## WHAT TO PRODUCE
The task calls for the lines below from the line with "Hotel Brisas De Copan" to the line with "Building Photo - 26879 N 173rd Ln", both ends included, copied exactly, without any pictures.

## RECORDS FOR THE EXERCISE

-------

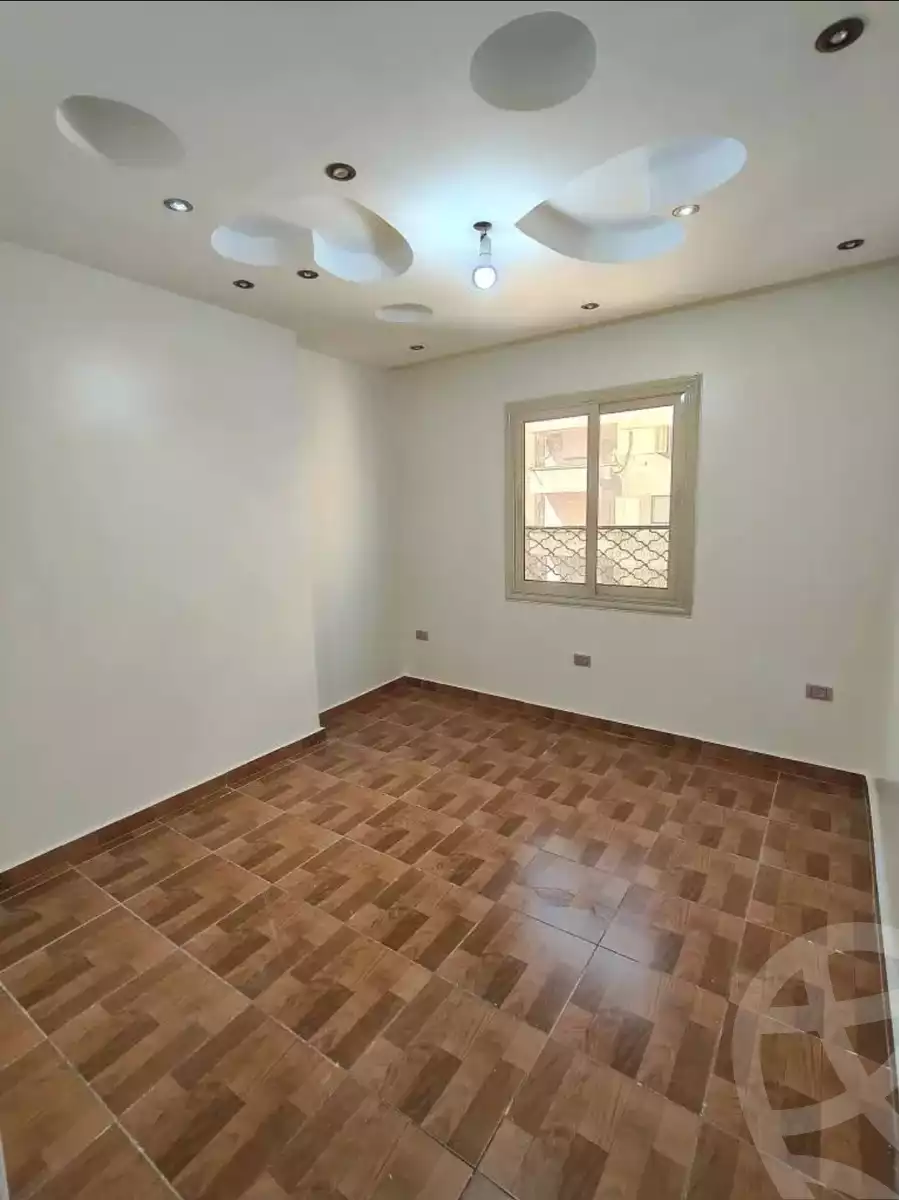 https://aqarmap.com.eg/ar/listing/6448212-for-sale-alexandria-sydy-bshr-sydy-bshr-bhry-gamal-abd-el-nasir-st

-------

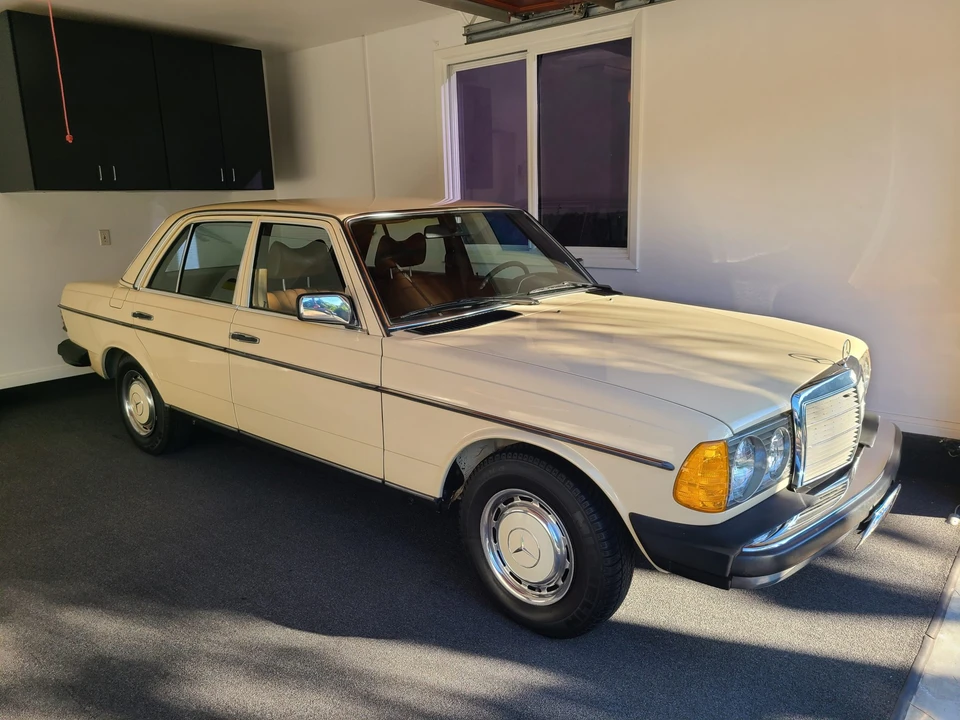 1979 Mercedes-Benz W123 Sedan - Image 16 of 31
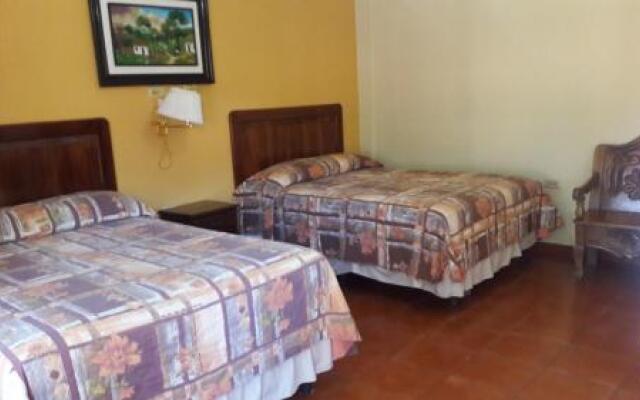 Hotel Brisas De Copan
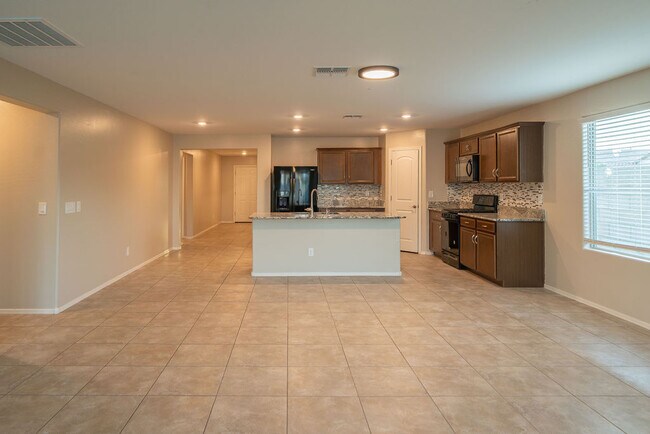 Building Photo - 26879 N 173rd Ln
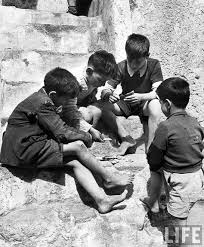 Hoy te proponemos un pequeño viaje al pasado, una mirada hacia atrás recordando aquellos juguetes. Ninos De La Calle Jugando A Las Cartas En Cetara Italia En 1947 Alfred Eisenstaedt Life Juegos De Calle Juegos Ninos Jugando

-------

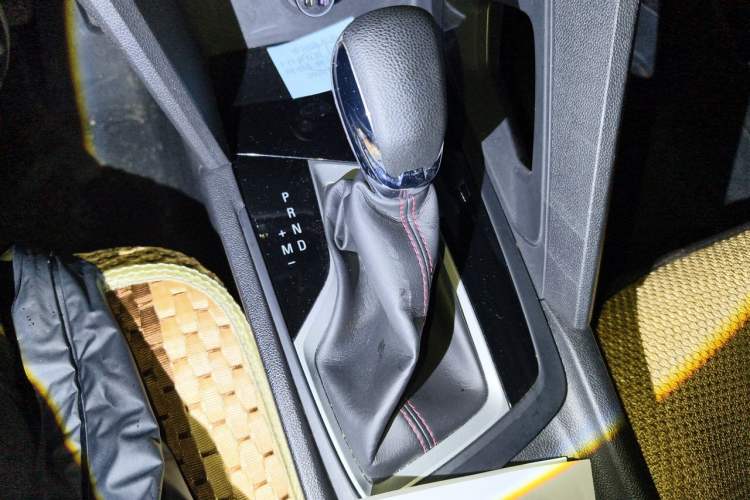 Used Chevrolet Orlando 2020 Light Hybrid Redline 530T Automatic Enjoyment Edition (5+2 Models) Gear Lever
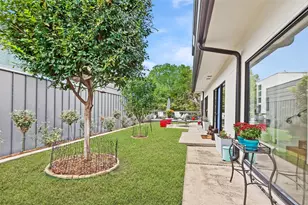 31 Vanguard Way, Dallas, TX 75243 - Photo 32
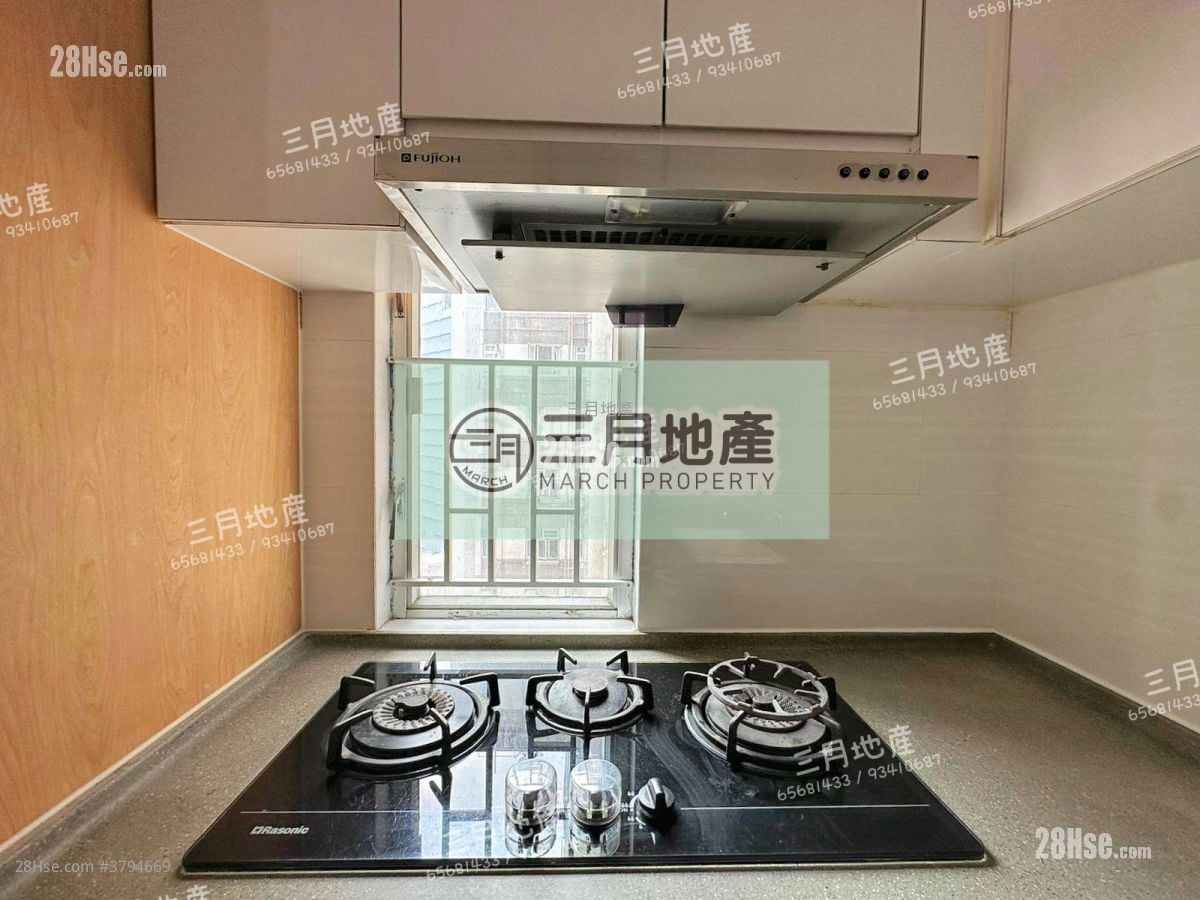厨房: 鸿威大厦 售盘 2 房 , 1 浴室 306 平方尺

-------

## EXERCISE RESULT
 Hotel Brisas De Copan
 Building Photo - 26879 N 173rd Ln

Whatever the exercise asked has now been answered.